Contraindications for COLUMNSTORE indexes ?

  • What would be several things to keep in mind regarding WHEN NOT TO CREATE/USE Columnstore indexes?  Like for example my manager was asking this morning : 'What can possibly hurt us and how after we create a dozen of columnstore indexes on several tables? what are possible worst case scenarios or side effects that may happen?'          (i also read somewhere that columnstore indexes  are "not really for OLTP databases"?)

    Also, Memory Optimized Tables may be a bit too much work and things to worry about/support for our DBAs (filegroups, database settings and a lot of things need to be changed in database in order to enable it for creating memory optimized tables, right?)

    * Can we just create a few columnstore indexes on regular, not in-memory tables, and still expect a performance boost comparable with columnstore indexes on Memory Optimized tables? I am thinking about tables with more than 2 million rows and against which a lot of Aggregations are run.

    Thanks.

    Likes to play Chess

  • Well for Memory Optimized Tables you need to create a filegroup and one or more files for that filegroup per database. It's a good practice to setup resource governor for In-Memory enabled databases - otherwise you might end up running out of memory. I am supporting a DWH which I changed to take advantage of In-Memory because well the storage doesn't keep up with the demand for nightly load performance.

    Just have to stress this again - you really have to manage your memory usage rather well, when I started migrating some tables to in-Memory I did end up with a memory usage by Memory Optimized Objects of around 100 - 120GB which mostly was unused memory. To my disadvantage in this regard: The DB does not run in full recovery mode which makes reclaiming free Memory a bit tougher.

    Anyways after some tuning I'm down to 60 - 70 GB RAM usage on a 256 GB Box - I can happily skip Resource Governor this way but you'll unlikely have the chance to purge SCHEMA_ONLY durable tables once a day like I have so yes, there will be some work to manage in-Memory OLTP but that's mostly going towards Resource Governor imo.

  • If you're not seeing page latch waits as your number one wait type, by an enormous margin, then you should not be using the In-Memory tables & indexes. Period. They solve a very narrow range of problems. They're not magic. They come with a lot of limitations and overhead.

    The exception to this is the possible use of in-memory table variables. Now those can radically improve performance IF you're using lots of table variables. If not, again, no real win here.

    The In-Memory indexes & tables are very much an edge-case tool. Don't get hung on the marketing hype. Now, if you're in the edge case, and you can deal with the limitations, they are incredible performance enhancement tools.

    Now, on the other hand, Columnstore indexes are a great solution for a common set of problems. If you are running a data warehouse or similar type of reporting system where there are likely to be lots of aggregate queries, clustered columnstore indexes are going to be your best buddy. If, on your OLTP system, you're getting more than a few aggregation and analysis queries, you may see huge performance gains by adding nonclustered columnstore to your clustered index tables.

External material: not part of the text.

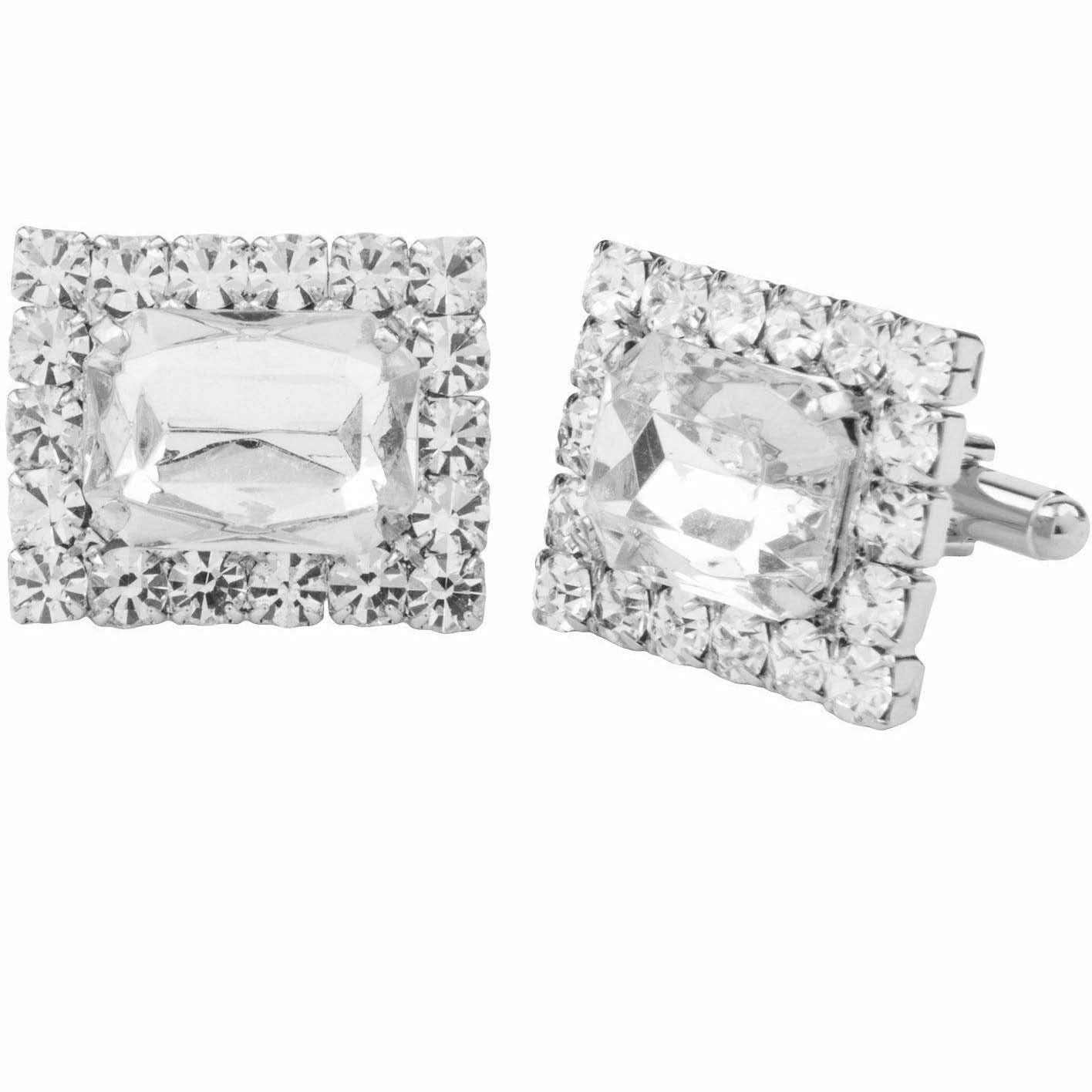 Vittorio Vico Silver Iced Wedding Cufflinks in Gift Box: CL105x Series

    Columnstore indexes are not magic. Or, rather, like all magic comes with a price, so do columnstore indexes. They have a different set of maintenance requirements. They add overhead to inserts/updates/deletes, so you need to be cautious about when and where you add them, like regular indexes. They especially suffer in a very high volume of data modification queries. The way they work requires a delta store to be maintained until a threshold is reached upon which a rebuild occurs to move stuff from the delta into the compressed, pivoted data store. If you're doing that a lot, it's a massive performance hit on the system. Columnstore indexes are absolutely horrible at point lookups and limited range scans: WHERE ID = 42;. They can degrade performance there.

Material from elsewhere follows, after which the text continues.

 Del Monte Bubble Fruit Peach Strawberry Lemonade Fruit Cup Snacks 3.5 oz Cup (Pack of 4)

    We've talked about this several times online now. It feels like you must be getting pressure to use these things without understanding why. The key to implementing any of these technologies is understanding their usage (I sure hope that's been explained, but happy to try again) and their limitations. Then, cautiously, with careful testing and evaluation (measure with Extended Events, check the execution plans), implement them in appropriate places.

    "The credit belongs to the man who is actually in the arena, whose face is marred by dust and sweat and blood"
    - Theodore Roosevelt

    Author of:
    SQL Server Execution Plans
    SQL Server Query Performance Tuning

  • Maybe you could explain what your actual use case is?  As has been explained column store indexes are not a magical solution that by default replace regular indexes.  How big are these tables, rows and width, how many aggregate reports are being run vs other types of queries and updates, how much of a problem are the reports that are being run?

Viewing 4 posts - 1 through 3 (of 3 total)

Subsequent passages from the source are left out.